God: Haha no. They’re going to remember those forever lol
Me: *on phone booking place on commercial space flight* “Yeah just a one-way ticket, please… You don’t? Uhhh so okay make it a return but can you drop me off on the moon or something? … Hello? Hello-o???”
Fight Club, but instead of blowing up all the financial institutions, they reset all twitter follower counts back to zero.
[dentists]
technician: you want a local anaesthetic?
me, a hipster: how local are we talking?
Who called it inspirational posting and not chicken soup for the scroll?
Doctor: you need to improve your diet what do you have for breakfast
Me: eggs
Doctor:
Me: ok reese’s eggs
Annoyance rankings:
1. bothersome
2. pet peeve
3. me watching people carrying obviously empty coffee cups on TV
If you love someone, let them sleep.
When your wife says “It’s up to you”, it’s not.
I can’t move mountains but I can shift blame.
If you don’t have a panini press just heat up your corduroys and sit on your sandwich.
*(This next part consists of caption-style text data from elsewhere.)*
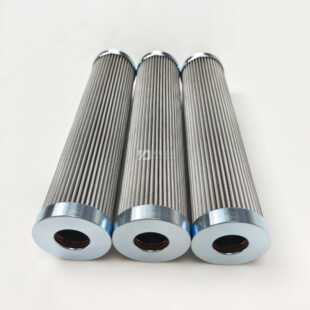 油滤NNZX10滤油机滤芯液压油滤高精度滤芯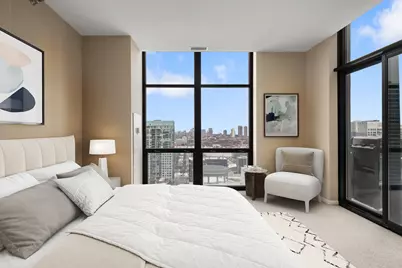 435 W Erie Street #2204, Chicago, IL 60654 - Photo 12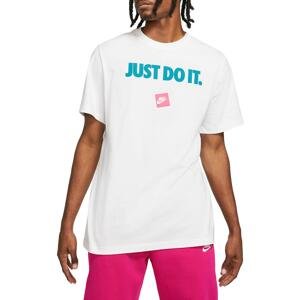 Tričko Nike M NSW TEE JDI 12 MONTH
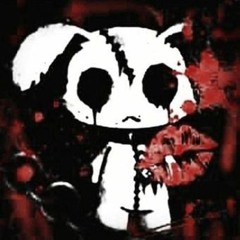 cholorofilm + kidsnorlax - kill me pls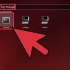 Ändra ditt lösenord i linux med terminal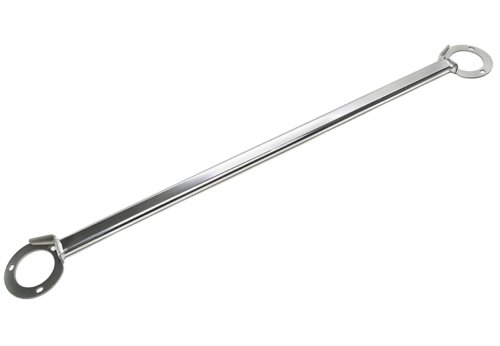 Aluminijast strutbar TA Technix za BMW 5 (E60/E61) 2003–2010, zadnja os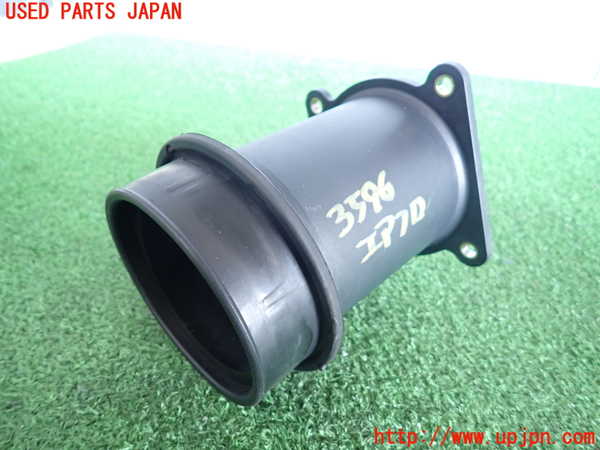 2UPJ-9235966320]セフィーロ(A33)エアフロメーター 中古_3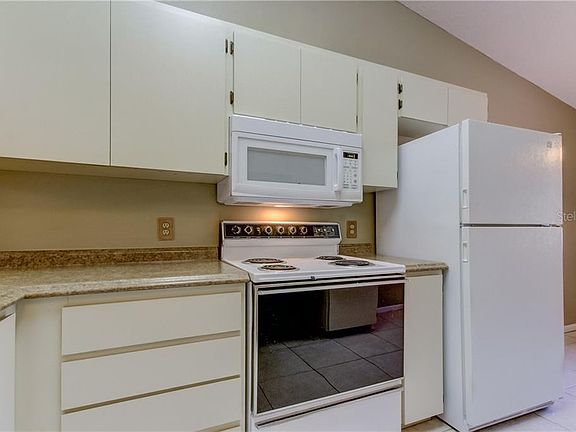 3rd image of 39650 Us Highway 19 N APT 212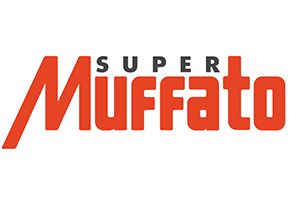 Logo marca do anunciante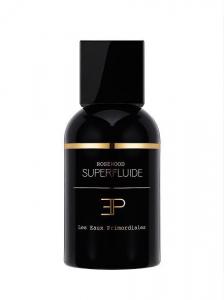 Женская парфюмерия LES EAUX PRIMORDIALES LES EAUX PRIMORDIALES Rosewood SUPERFLUIDE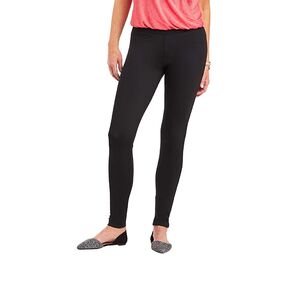 سروال ضيق حريمي عليه شعار راكبي الدراجات النارية من Lee Indigo in Kuwait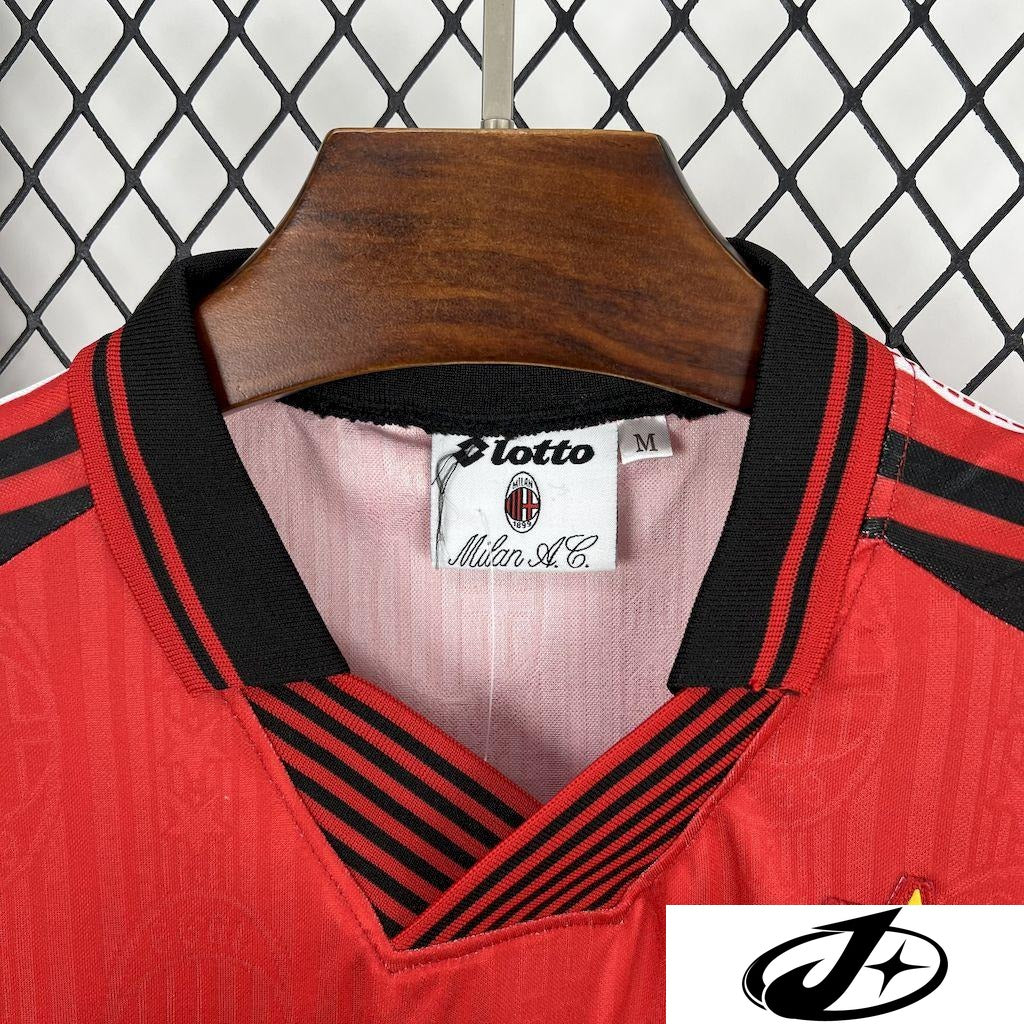 6cf5e0fdfa3b153d.jpg
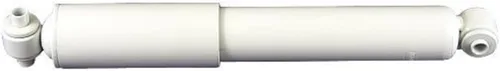 Vista 55 de Gabriel Amortiguadores de camión ultra traseros G63173 para Toyota T100 RWD 93-98 (1 paquete)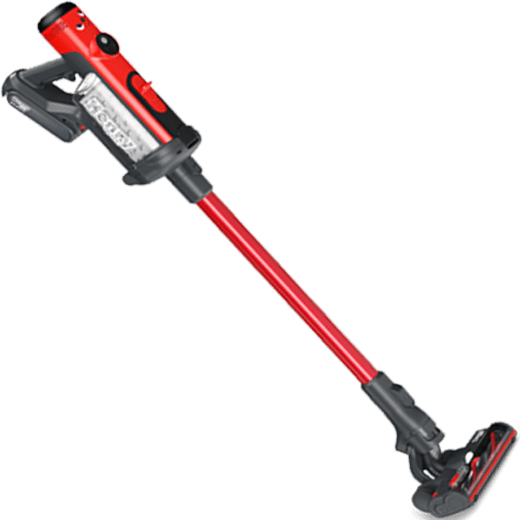 ASPIRATEUR BALAI NUMATIC QUICK HENRY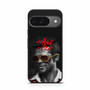 Fight Club in Tyler We Trust Google Pixel 9 Series Case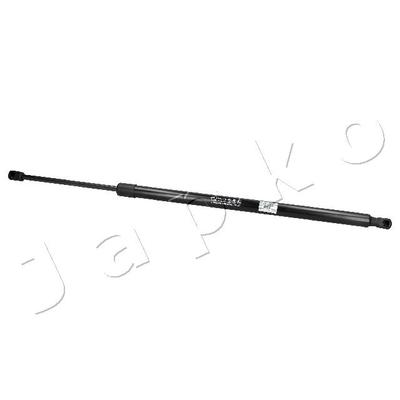 JAPKO Gasfeder, Koffer-/Laderaum Ø10mm 10mm für CHRYSLER 04589654AB ZSJ90012 Image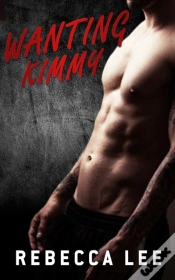 Capa do artigo Wanting Kimmy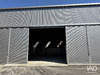 Ma-Cabane - Vente Local commercial Orange, 500 m²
Why do I have to solve all the hard problems
I’ve just seen my doctor quickly close the Wikipedia page for ‘bones’
Perfection.
those guys holding fish in their dating profile pictures are just demonstrating how they’ll carry you over the threshold after marriage.
“For my next illusion” the magician announces: “Free will!” Everyone starts clapping but they don’t know why
Beards are a privilege, not a right
If two pieces of pizza share the same pepperoni that is one piece of pizza. Don’t let anybody tell you differently
SPIN INSTRUCTOR: you can do this, you just have to want it
ME, NOT EATING ICE CREAM SANDWICHES IN BED: neat. what’s another way?
guy finding a big puddle of blood in a horror movie: (touches it and looks at his fingers) it’s blood
Dance like theres no tomorrow OH MY GOD THERES NO TOMORROW WHY ARE WE DANCING
I just read that pandas don’t have many opportunities for sex, and then don’t know how to do it. Finally found my spirit animal.
“You’re in no position to be making demands.”
[does a handstand]
“Company helicopter & 2 months extra vacation.”
“Fair enough.
*Boyfriend gets in bed*
Him: Wanna fool around?
Me: *Doesn’t hear him because I’m tipping the cheetos bag directly into my mouth*
Me: Roses are red, violets are blue…
Them: I’m going to stop you there man. Imma assume this is your first rap battle?
Give yourself something to look forward to tomorrow: Text a friend, “I think you owe me an apology,” then turn off your phone and go to bed
I’d like to time travel for the sake of mankind but more importantly to stop Brussels sprouts from happening.
[I remove my bike helmet, but my toupee comes off with it]
“I’m sorry guys, is there something funny about safety?”